DATASET SECTION »

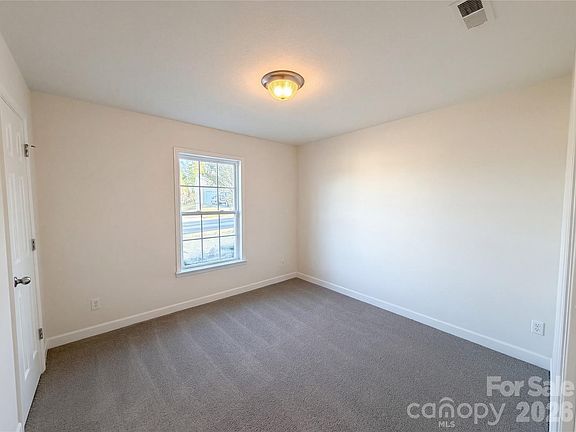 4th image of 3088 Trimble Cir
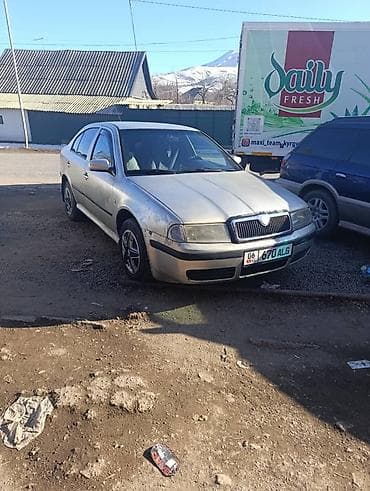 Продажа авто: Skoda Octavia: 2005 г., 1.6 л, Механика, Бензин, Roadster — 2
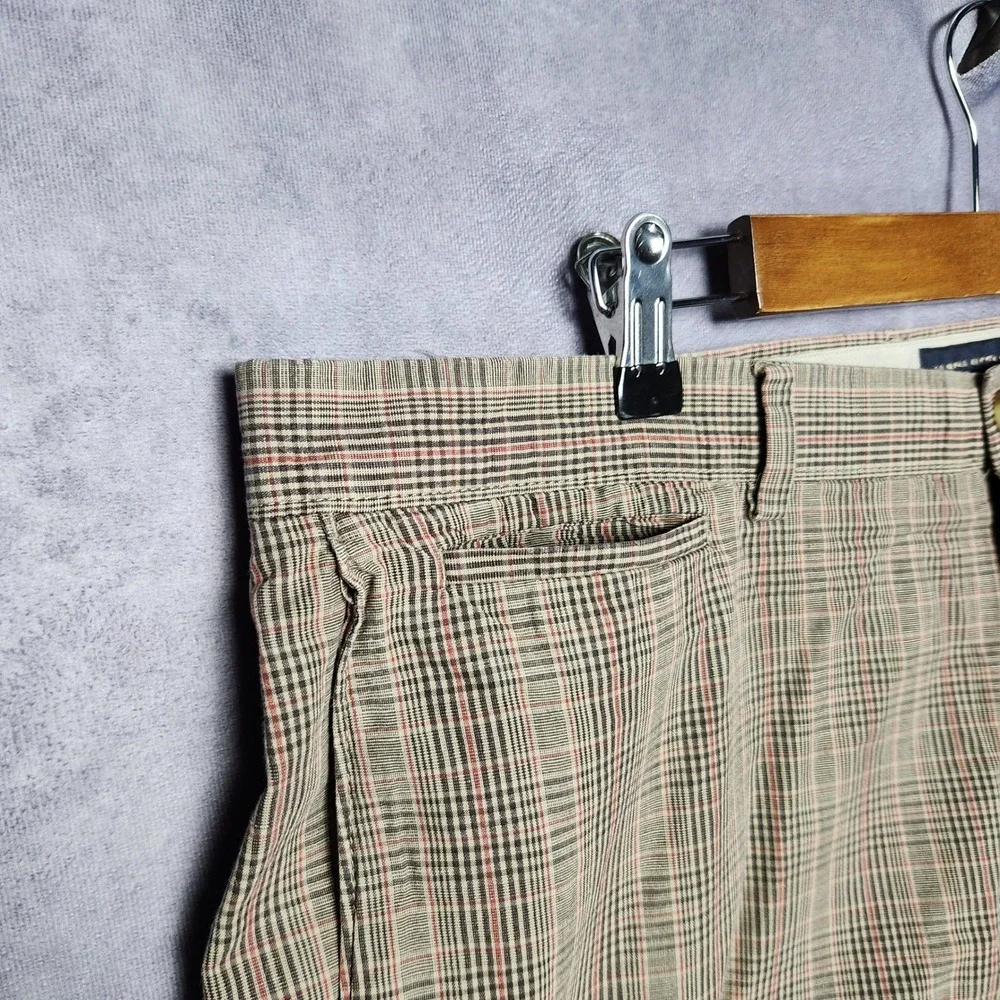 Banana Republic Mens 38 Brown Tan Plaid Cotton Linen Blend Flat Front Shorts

INSTRUCTIONS TO FOLLOW » An image-free, exact version of the listing above is required.

OUTPUT OF THE EXERCISE »
 4th image of 3088 Trimble Cir
 Продажа авто: Skoda Octavia: 2005 г., 1.6 л, Механика, Бензин, Roadster — 2
 Banana Republic Mens 38 Brown Tan Plaid Cotton Linen Blend Flat Front Shorts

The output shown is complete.